Nachgedanken zu den Open-Access-Tagen in Berlin

posted by ush on 2008/10/11 21:06

[ Accessibility | Open Access ]

Ich bin immer noch recht gesättigt von den anregenden und hervorragend organisierten Berliner Open-Access-Tagen, die food for thought boten. Die Tagung war in der Tat eine Grundlagenveranstaltung, die solide und aktuelle Information über Open Access in Hochschulpolitik, Rechtslage, Wissenschaftsalltag, Science-Management, Bibliotheks- und Verlagswesen bot. Ergänzt wurden diese Basisinformationen durch Workshops, in denen ExpertInnen mit den TeilnehmerInnen Strategien von Management, Qualitätssicherung, Vermarktung, Programmierung etc. erarbeiteten und diskutierten.

Die utopischen und demokratischen Ziele von Open Access, wie sie im vergangenen Workshop von Kakanien revisited durchaus immer wieder angesprochen wurden, der demokratische Impact, den die Open-Access-Bewegung haben kann, spielte hier allerdings keine Rolle mehr.

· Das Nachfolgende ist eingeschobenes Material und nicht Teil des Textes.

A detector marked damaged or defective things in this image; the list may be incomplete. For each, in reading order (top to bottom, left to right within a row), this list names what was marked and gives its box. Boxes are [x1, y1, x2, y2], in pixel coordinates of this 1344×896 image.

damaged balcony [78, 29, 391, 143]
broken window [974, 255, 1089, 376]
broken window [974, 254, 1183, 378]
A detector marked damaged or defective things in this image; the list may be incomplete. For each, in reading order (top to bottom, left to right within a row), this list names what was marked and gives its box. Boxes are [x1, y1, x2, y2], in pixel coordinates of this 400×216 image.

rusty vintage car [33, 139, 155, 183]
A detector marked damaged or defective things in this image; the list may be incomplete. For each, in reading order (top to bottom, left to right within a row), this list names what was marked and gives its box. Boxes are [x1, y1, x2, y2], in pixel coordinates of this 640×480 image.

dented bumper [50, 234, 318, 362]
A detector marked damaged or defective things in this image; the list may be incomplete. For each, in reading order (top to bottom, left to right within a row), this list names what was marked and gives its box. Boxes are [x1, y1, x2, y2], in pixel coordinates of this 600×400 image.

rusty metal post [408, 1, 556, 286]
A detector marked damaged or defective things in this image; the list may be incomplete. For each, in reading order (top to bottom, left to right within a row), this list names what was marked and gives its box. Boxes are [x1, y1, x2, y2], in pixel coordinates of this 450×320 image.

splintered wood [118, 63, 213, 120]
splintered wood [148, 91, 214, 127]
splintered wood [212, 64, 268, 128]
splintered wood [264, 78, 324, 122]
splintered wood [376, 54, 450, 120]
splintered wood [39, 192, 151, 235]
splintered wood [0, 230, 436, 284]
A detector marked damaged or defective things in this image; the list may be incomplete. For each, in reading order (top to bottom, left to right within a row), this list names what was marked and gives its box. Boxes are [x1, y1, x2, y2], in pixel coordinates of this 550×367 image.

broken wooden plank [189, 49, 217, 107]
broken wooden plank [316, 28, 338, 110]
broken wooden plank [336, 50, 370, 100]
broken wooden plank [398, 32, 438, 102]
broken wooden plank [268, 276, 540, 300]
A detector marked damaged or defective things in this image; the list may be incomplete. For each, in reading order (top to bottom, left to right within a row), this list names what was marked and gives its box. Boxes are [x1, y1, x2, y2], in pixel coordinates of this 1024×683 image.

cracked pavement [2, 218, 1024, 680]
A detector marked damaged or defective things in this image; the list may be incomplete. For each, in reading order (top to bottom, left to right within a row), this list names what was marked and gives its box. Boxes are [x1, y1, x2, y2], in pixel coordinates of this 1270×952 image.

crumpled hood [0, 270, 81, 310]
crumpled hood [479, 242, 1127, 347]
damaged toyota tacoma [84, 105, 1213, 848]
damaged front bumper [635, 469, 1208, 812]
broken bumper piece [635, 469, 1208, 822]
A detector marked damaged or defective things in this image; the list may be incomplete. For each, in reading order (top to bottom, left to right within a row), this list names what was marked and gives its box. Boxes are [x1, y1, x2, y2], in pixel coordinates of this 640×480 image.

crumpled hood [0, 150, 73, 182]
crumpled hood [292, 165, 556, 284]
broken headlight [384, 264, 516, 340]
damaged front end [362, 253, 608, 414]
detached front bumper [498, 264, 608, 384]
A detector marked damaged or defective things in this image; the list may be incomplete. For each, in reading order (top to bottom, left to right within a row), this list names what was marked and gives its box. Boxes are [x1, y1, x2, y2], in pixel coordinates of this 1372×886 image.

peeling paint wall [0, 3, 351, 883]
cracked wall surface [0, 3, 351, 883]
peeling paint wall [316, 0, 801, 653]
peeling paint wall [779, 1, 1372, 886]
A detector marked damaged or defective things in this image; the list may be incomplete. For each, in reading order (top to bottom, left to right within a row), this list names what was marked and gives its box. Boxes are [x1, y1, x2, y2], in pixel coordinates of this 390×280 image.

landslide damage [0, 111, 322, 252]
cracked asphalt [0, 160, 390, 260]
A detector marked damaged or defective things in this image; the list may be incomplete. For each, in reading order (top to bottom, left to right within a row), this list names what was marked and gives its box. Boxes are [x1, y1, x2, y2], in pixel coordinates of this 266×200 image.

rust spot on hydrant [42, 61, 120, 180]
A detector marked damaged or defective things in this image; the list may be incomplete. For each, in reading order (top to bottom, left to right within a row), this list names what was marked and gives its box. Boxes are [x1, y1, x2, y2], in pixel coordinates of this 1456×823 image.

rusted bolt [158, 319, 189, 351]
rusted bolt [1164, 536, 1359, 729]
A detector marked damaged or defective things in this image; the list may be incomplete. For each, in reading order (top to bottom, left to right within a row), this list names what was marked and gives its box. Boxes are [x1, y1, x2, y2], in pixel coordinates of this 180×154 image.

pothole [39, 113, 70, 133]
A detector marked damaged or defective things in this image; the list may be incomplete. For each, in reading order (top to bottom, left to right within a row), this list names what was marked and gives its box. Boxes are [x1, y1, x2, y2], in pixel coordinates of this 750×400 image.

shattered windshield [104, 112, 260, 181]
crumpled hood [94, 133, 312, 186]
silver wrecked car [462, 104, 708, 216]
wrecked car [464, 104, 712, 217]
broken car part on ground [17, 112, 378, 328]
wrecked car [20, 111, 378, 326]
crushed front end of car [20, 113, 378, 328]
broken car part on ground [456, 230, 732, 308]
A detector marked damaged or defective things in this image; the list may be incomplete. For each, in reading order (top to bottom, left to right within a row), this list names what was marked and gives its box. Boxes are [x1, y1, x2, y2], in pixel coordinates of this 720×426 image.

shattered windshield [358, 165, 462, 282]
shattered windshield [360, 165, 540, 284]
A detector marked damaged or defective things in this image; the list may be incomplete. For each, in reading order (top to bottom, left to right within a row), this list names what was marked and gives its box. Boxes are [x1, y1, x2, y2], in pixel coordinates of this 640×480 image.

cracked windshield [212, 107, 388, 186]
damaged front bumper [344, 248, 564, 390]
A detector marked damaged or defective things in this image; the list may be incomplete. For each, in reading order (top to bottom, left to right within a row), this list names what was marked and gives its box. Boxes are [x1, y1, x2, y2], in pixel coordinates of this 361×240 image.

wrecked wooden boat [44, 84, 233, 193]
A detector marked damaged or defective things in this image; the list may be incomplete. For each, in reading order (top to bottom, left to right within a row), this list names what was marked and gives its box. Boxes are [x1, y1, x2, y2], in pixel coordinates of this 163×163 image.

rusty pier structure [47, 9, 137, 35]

Deutlich und ernüchternd zeichnete sich für mich eine Tendenz ab, die Privilegien des Wissens und der Sichtbarkeit nicht neu zu verteilen, sondern mit erneuerter Macht zu institutionalisieren. Was neu verteilt wird/ist, sind Kompetenzen, wie sich in einer plötzlichen Open-Access-Freundlichkeit der klassischen Verlage zeigt.

Die Finanzierung von Open-Access-Journals und Repositorien wurde zurückhaltend diskutiert. Tenor angebend war die Praxis der naturwissenschhaftlcihen Beispiele, bei denen sich die Institutionen die Veröffentlichung von Discussion Paper und Final Article viel Geld im Modell des Autor-zahlt kosten lassen.

Die sozialwissenschaftlcihen Beispiele bestanden auf einer annähernden Nullsummenrechnung, bei der EditorInnen und GutachterInnen unentgeltlich, allenfalls gegen geringes Honorar arbeiten. BibliothekarInnen wiederum sehen die Anfüllung von instutseigenen oder fakultätseigenen Repositorien als neues Aufgabenfeld.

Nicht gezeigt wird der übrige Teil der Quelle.